Najwięksi przedsiębiorcy telekomunikacyjni uważają, że nie zdołają uzupełnić wielomiliardowej luki w środkach, które są potrzebne, aby zgodnie z rządowymi zamierzeniami podłączyć do internetu wszystkie gospodarstwa domowe w kraju.
Większość realizowanych teraz programów operacyjnych finansowanych ze środków UE koncentruje się na budowie sieci szkieletowych i dystrybucyjnych. Środki przeznaczone na sieci dostępowe „ostatniej mili”, czyli te, które dają możliwość podłączenia domu czy mieszkania do internetu, były i są znacznie mniejsze. O ile na te pierwsze do 2015 r. wydamy ponad 857 mln euro, to na kable docierające do domu tylko niecałe 227 mln euro.
W przyjętym przez rząd 8 stycznia 2014 r. Narodowym Planie Szerokopasmowym (NPS) zapisano, że do końca 2020 r. dostęp do internetu o prędkości co najmniej 30 Mb/s uzyskają wszystkie gospodarstwa. Połowa z nich ma korzystać z łączy o prędkości co najmniej 100 Mb/s. Autorzy planu oszacowali, że będzie to kosztować 17,3 mld zł. W programie Polska Cyfrowa na budowę sieci, e-administrację i walkę z wykluczeniem cyfrowym przeznaczono w latach 2014–2020 niecałe 10 mld zł. Urzędnicy zakładają, że pozostałą kwotę pokryją inwestycje prywatnych operatorów.

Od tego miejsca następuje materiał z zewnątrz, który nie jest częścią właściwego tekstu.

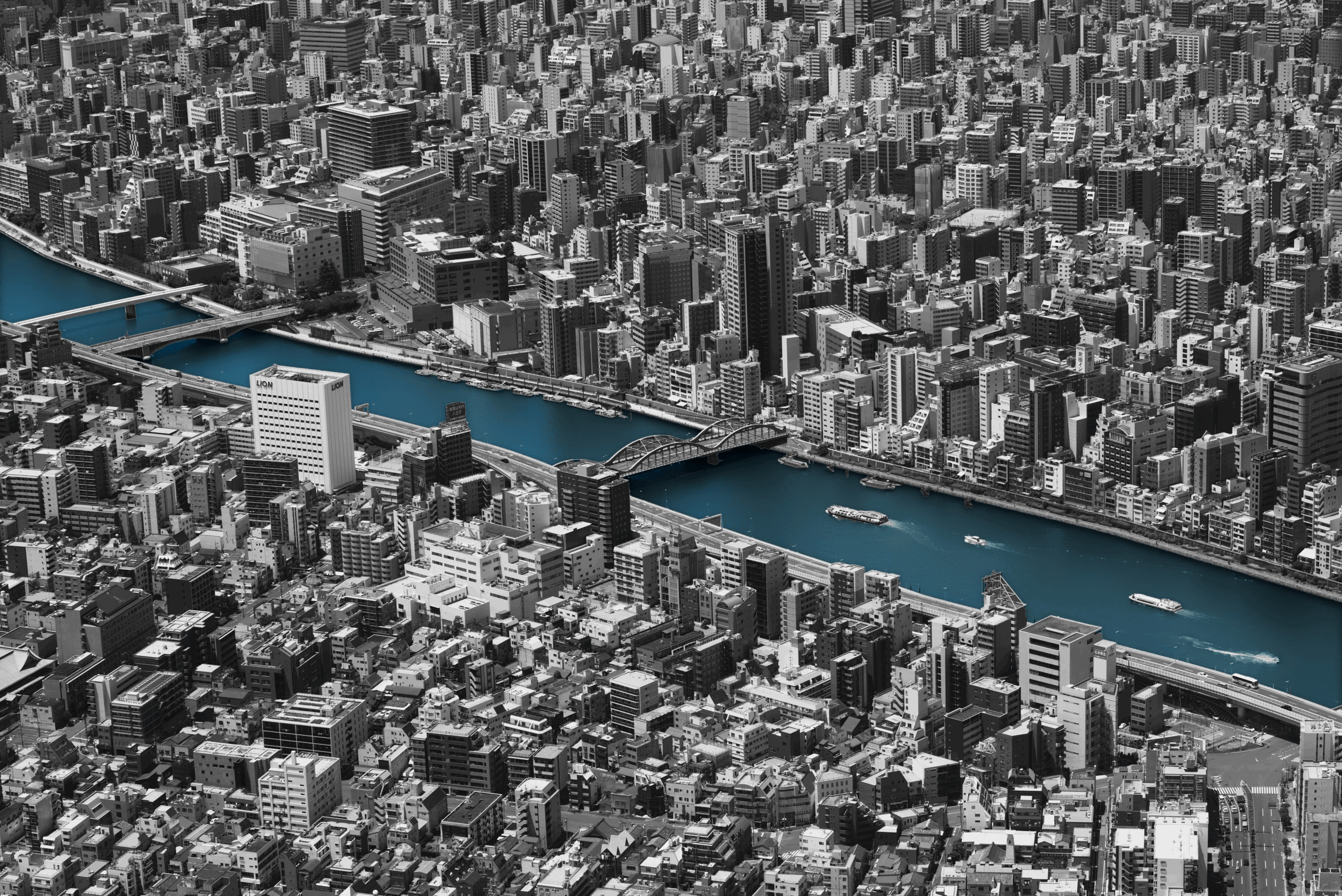Bridging the Gap, 2023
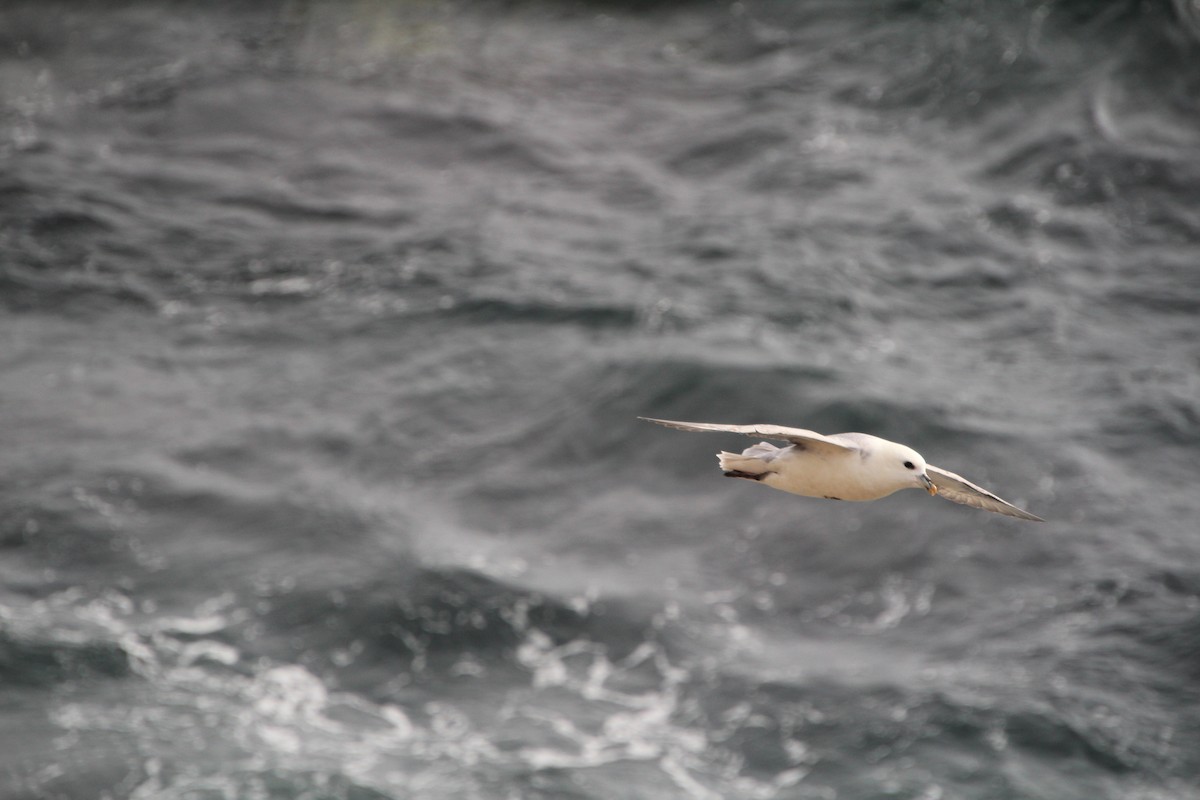 Northern Fulmar - ML602767571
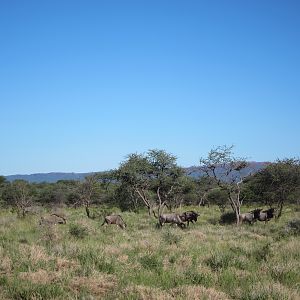 Blue Wildebeest Namibia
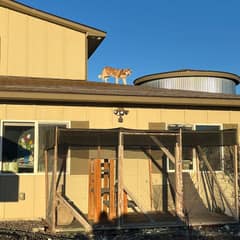 Lonely Husky Climbed Onto A Shelter Roof As If She Was Searching The Sky For Home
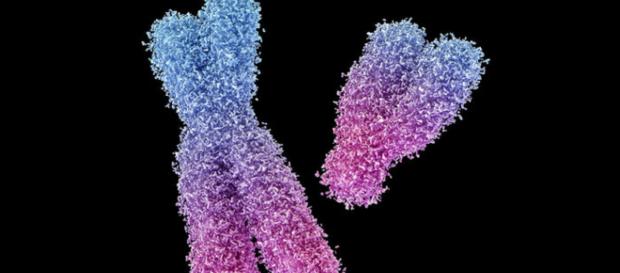 La combinazione dei cromosomi XY definisce i maschi, a renderlo possibile sono dei piccoli frammenti genici (via Science - Maurizio De Angelis) La combinazione dei cromosomi XY definisce i maschi, a renderlo possibile sono dei piccoli frammenti genici (via Science - Maurizio De Angelis)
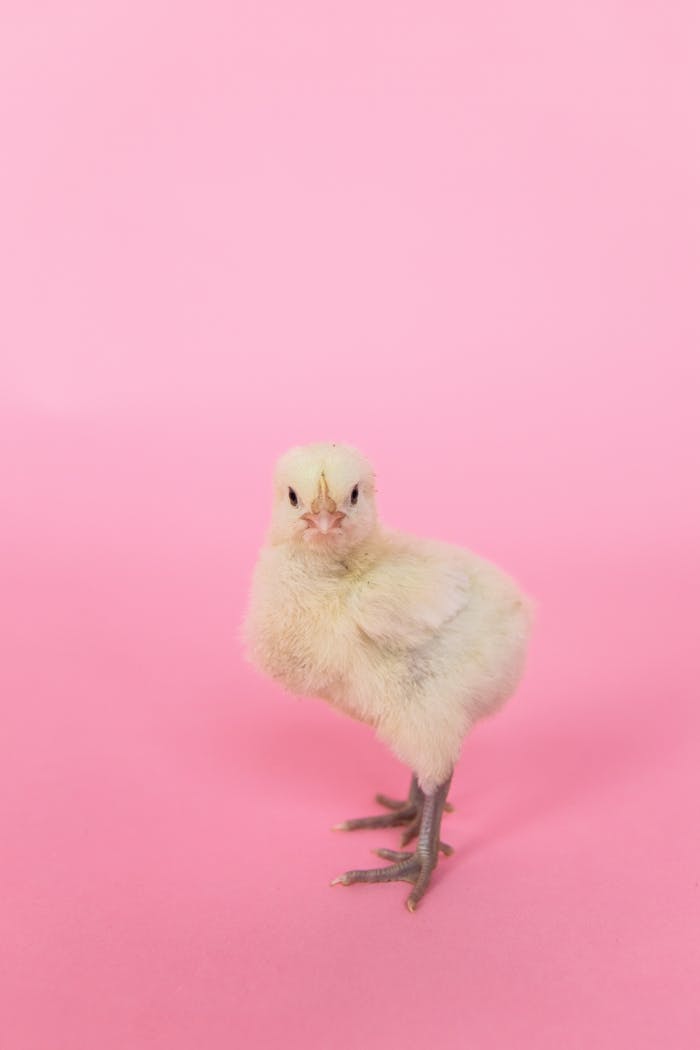 A fluffy chick posing against a playful pastel pink backdrop, perfect for spring themes.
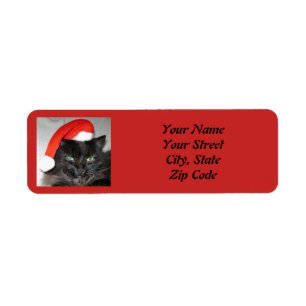 Joli chat de Noël Santa Hat Photo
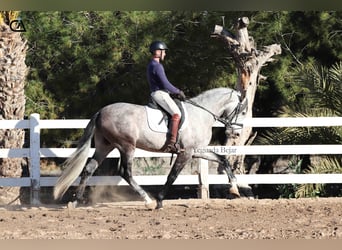 PRE, Semental, 4 años, 168 cm, Tordo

Koszt przyłączenia do sieci przekracza 6 tys. zł. Nawet przy 40 proc. dofinansowaniu, na jakie ewentualnie można liczyć, nie ma szansy na komercyjną realizację takiej inwestycji - mówi Paweł Żytecki, dyrektor ds. zarządzania produktami, projektami i strategią regulacyjną w Netii. Według niego są miejsca, gdzie niewielki popyt na usługi szerokopasmowego dostępu do internetu podnosi koszty podłączenia jednego budynku nawet do kilkudziesięciu tysięcy złotych. Musimy się pogodzić z tym, że w przypadku co najmniej kilkudziesięciu procent gospodarstw domowych w Polsce jedynym racjonalnym sposobem podłączenia będzie łączność bezprzewodowa - podkreśla Żytecki.

Reklama

Także Tomasz Kowal, dyrektor zarządzania inwestycjami w Orange Polska, uważa, że środki przeznaczone na sieci dostępowe nie są wystarczające. Brakującym elementem umożliwiającym dostarczenie szerokopasmowego internetu do domów klientów jest sieć dostępowa, a jak pokazują wyliczenia potrzeb zaprezentowane w NPS, nowy program operacyjny w niewielkim stopniu rozwiązuje kwestię finansowania jej budowy - mówi.

Przed końcem 2015 r. do 10 proc. gospodarstw na obszarze objętym projektami budowy sieci powinno mieć dostęp do szybkich łączy. Ale firmy, które miałyby to zapewnić, wciąż nie znają ani lokalizacji, ani terminów oddania węzłów dostępowych tzw. sieci szkieletowej, a co gorsze oferty hurtowego dostępu, którą ustali Urząd Komunikacji Elektronicznej.
Reklama
Spóźnione inwestycje
W ramach wszystkich projektów budowy sieci szerokopasmowych z dofinansowaniem UE do końca 2015 r. w Polsce powinno powstać ok. 26,5 tys. km sieci szkieletowo-dystrybucyjnych. Jednak do tej pory położono tylko 2,3 tys. km kabli. Najbardziej zaawansowana jest budowa sieci w woj. lubuskim i pomorskim (łączna długość ok. 3,3 tys. km). Na obszarze tych województw sieci szkieletowe powstaną jeszcze w 2014 r. Najbardziej opóźniona jest budowa sieci na Mazowszu i w województwach wschodnich. Tam prace mają się zakończyć dopiero w ostatnich miesiącach 2015 r. Nieoficjalnie wiadomo, że w części województw ten termin nie zostanie dotrzymany, a wtedy rząd będzie musiał negocjować z Brukselą warunki wydłużenia czasu realizacji inwestycji. Jeśli KE się nie zgodzi, będziemy musieli oddać niewykorzystane do końca 2015 r. środki. Może to być kilkaset milionów złotych.